At the DDD Exchange conference today in London, Eric Evans presented on “The good, the bad and the ugly” aspects of strategic design. Talking about several efforts to replace legacy systems he has encountered in past, he suggested that these were “traps that good and smart software people are more likely to fall into” [than those with less experience]. According to Evans, none of the conventional approaches to that problem are likely to succeed.

A goal that is often set for projects such as these is “let’s switch off the legacy system”, but the first trap is that it gets mixes with a major redesign of the system as well. Calling this a classic mistake of not having a separation of concerns, Evans suggested that the goal of switching the legacy system off is not a real strategic goal unless it is really really expensive to run. Very often the real problem is that a legacy system does not allow people to develop and deliver efficiently.

Phased approaches fail

The approach of redesigning a whole system from scratch typically gets split into three phases: designing and implementing the basics, completing the features of the old system, and then implementing some new and really exciting features. Projects like this will most likely end up in failure, as the team spends lots of time on the first two phases and does not really get there completely, and also the business cannot stand still while the project is going on.
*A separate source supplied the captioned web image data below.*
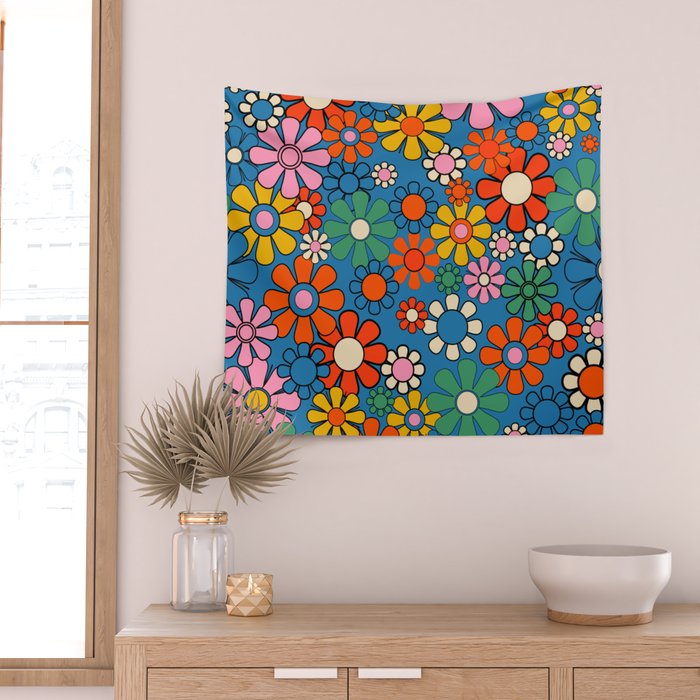 Groovy Floral Retro Garden Bold and Colorful 60s 70s Flower Pattern with Blue Wall Tapestry Gallery Image 2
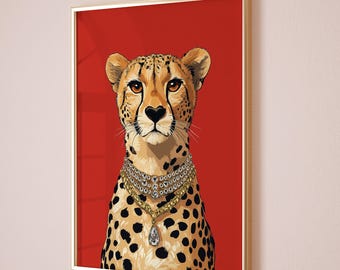 Maximalist Decor, Cheetah Wall Art, Leopard Art Print, Glam Preppy decor, Dorm Teen Room print, Trendy Emerald Red Leopard Print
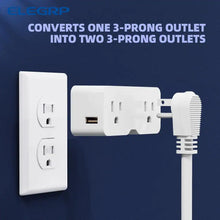 Load image into Gallery viewer, 3 Prong Outlet Extender with 2 Type a USB Wall Charger, Plug Adapter (White, 2-Pack)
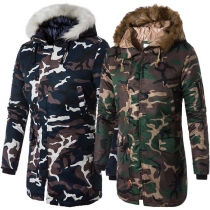 Fashion Camouflage Printed Faux Fur Spliced Hooded Men's Padded Coat 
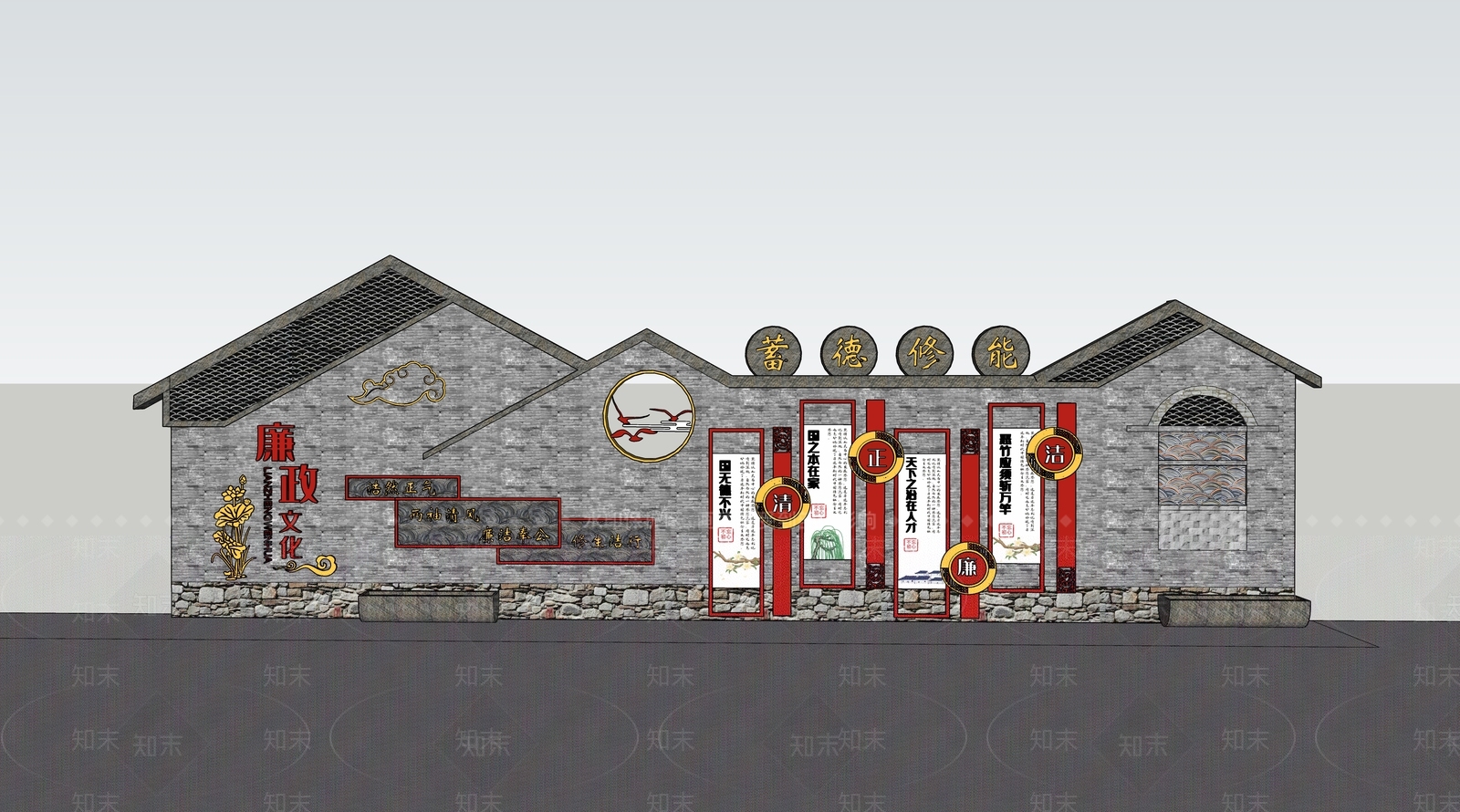 乡村党建景观小品红色文化小品SU模型下载【ID:1162307048】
The system simply cannot be delivered quickly enough. At some point, companies decide that they have to get the new features done, go back to the old system and continue implementing key new features on it.
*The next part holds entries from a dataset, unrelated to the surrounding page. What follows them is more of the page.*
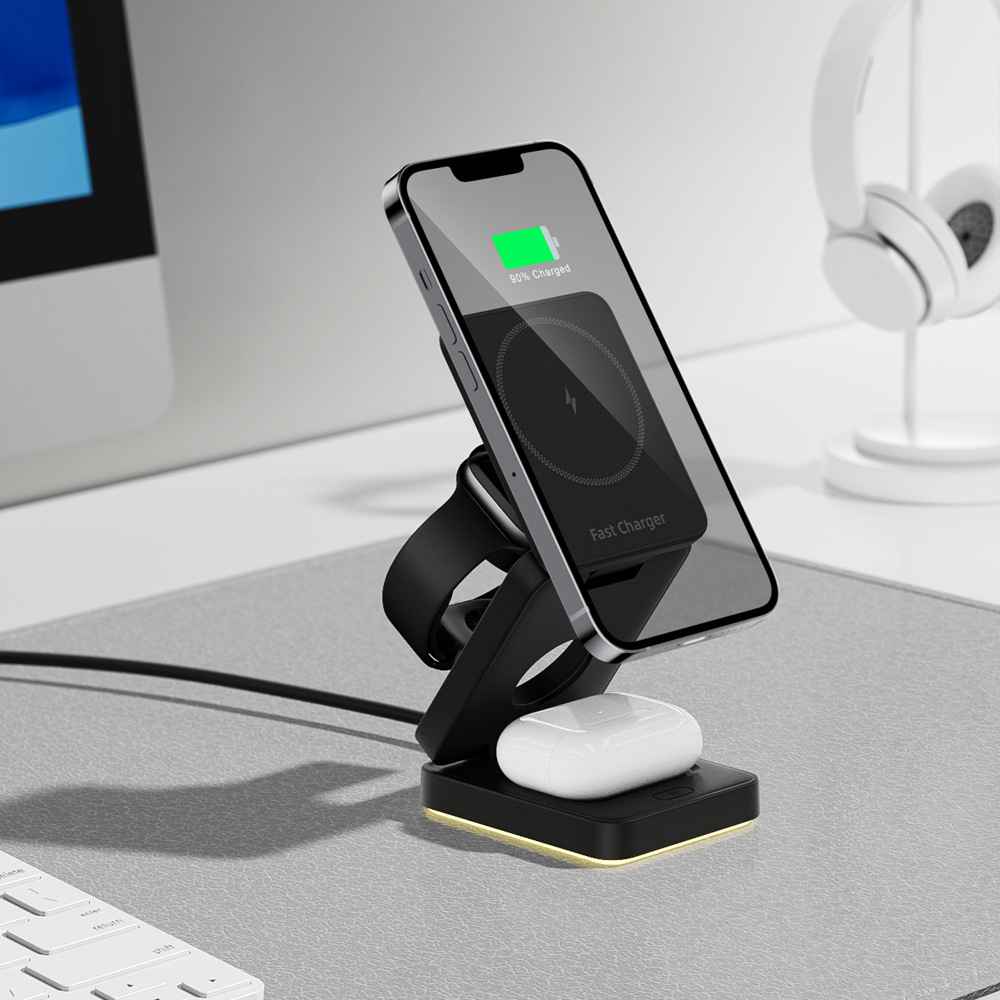 3 in 1 Wireless Charger Magnetic Foldable Charger For iphone charger power Adapter Charging Stand & Holder - MODALIFE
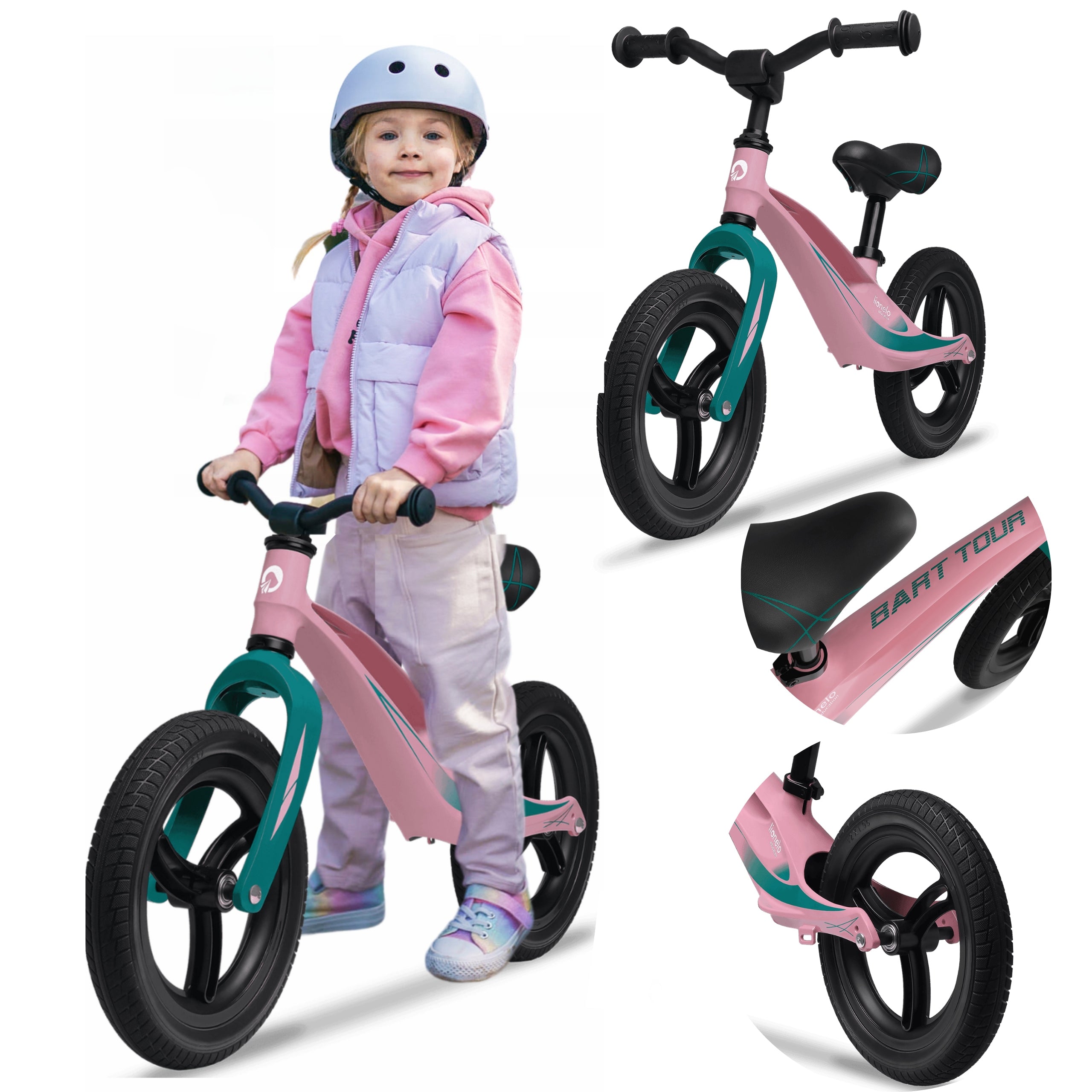 BALANCE BIKE for girls wheel rider PU LIGHTWEIGHT Lionelo Bart Tour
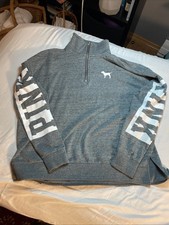 VICTORIA S SECRET VS PINK Gray Grey Half Zip Side Slit Hi Lo Pullover Sweater Xs
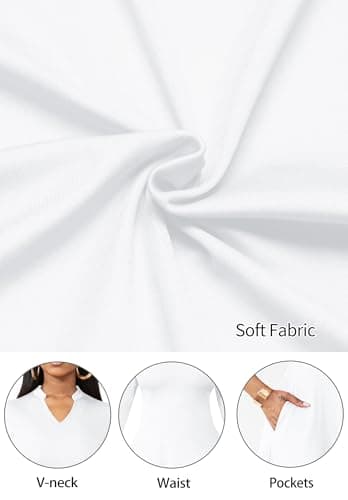 Nmoder Casual Dresses for Women Semi Formal Fit and Flare 3/4 Sleeve A-line Church Work Dress with Pockets White 2XL - Image 6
Replacing piece by piece fails

Another common wrong approach is to refactor a legacy system piece by piece, extracting parts and cleaning them up. According to Evans, these efforts fail because they are an uphill battle. Extracting and integrating every piece is going to be always very hard because of the friction between the designs, and every time a part of the system gets nice it “draws other programmers like flies”, because everyone wants to do their work quicker by now using this new model. The nice model collapses under load as people who don’t understand it continue hacking in it.

Instead, focus on the core domain

The way that these efforts are most likely to end up, according to Evans, is just continuing hacking on the legacy system. Yet this is exactly the place that teams did not want to end up at and the reason why the replacement effort was started. These approaches all undermine the core idea of the value of design and make companies not want to invest at all in good design.
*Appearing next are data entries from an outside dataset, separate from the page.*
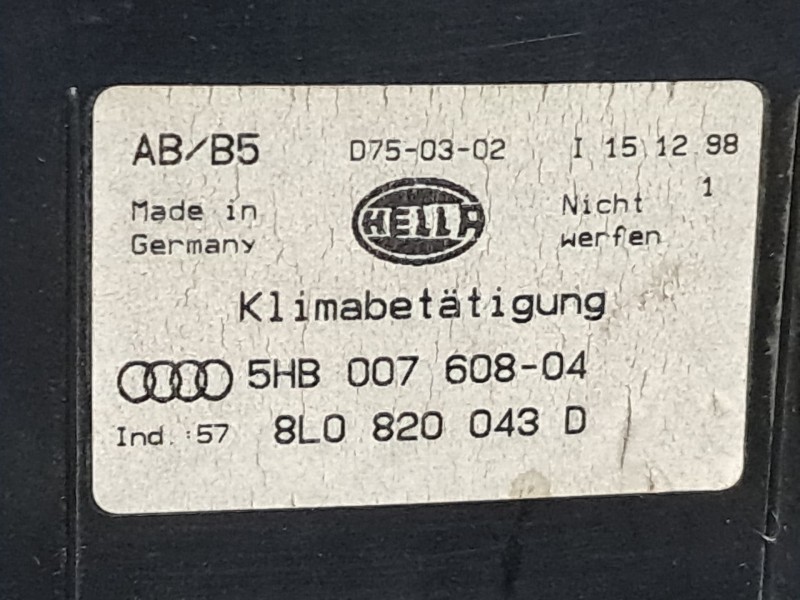 Recambio de mando climatizador para audi a3 (8l) 1.9 tdi referencia OEM IAM 8L0820043D  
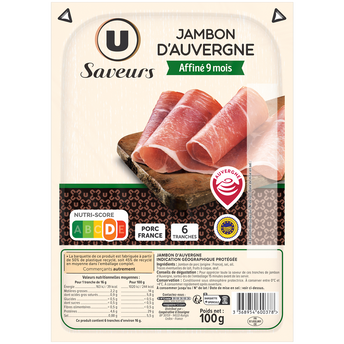 Image de U SAVEURS
Jambon d'Auvergne IGP - x6 tranches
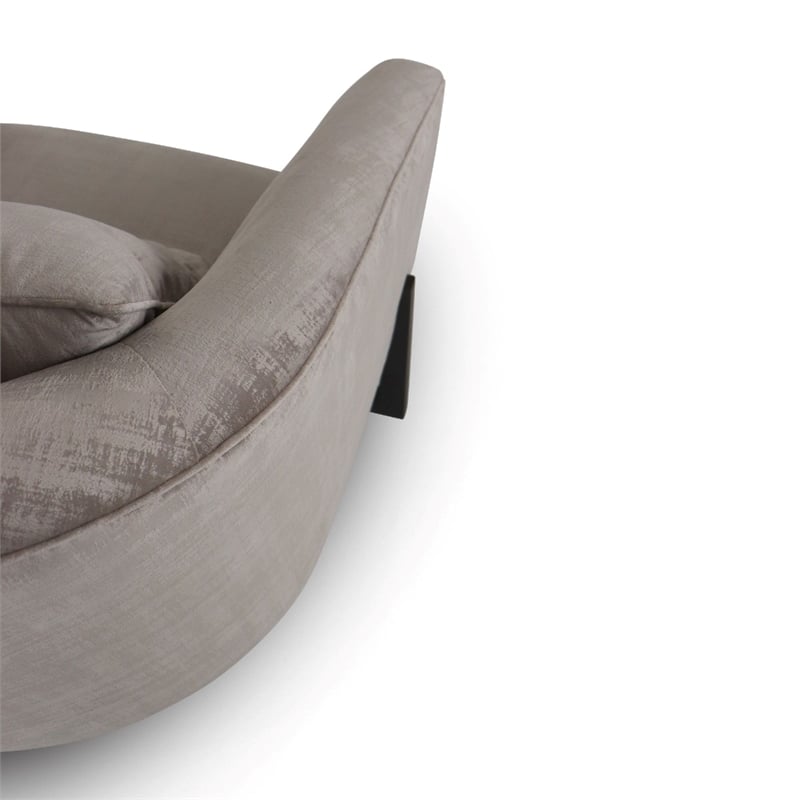 Pemberly Row Contemporary Gray Accent Chair with Foam Fill and Metal Base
Starting from a proposition that “not all of a large system will be well designed”, Evans suggested identifying and focusing on the core domain – a very small piece of software that actually makes the system really worth writing, something that brings direct competitive advantage to the business. These are most likely those new and really exciting features that people plan to do after the functionality of the legacy system was fully replaced. Instead of waiting several years for the old system to be replaced before core features are enhanced, teams should focus on efficiently extracting and isolating that part of the legacy system and redesigning that directly. In order to be able to build just that part, it should be isolated with an anti-corruption layer that reaches into the old system and retrieves the information that the new elegant core needs, converting it into the new model.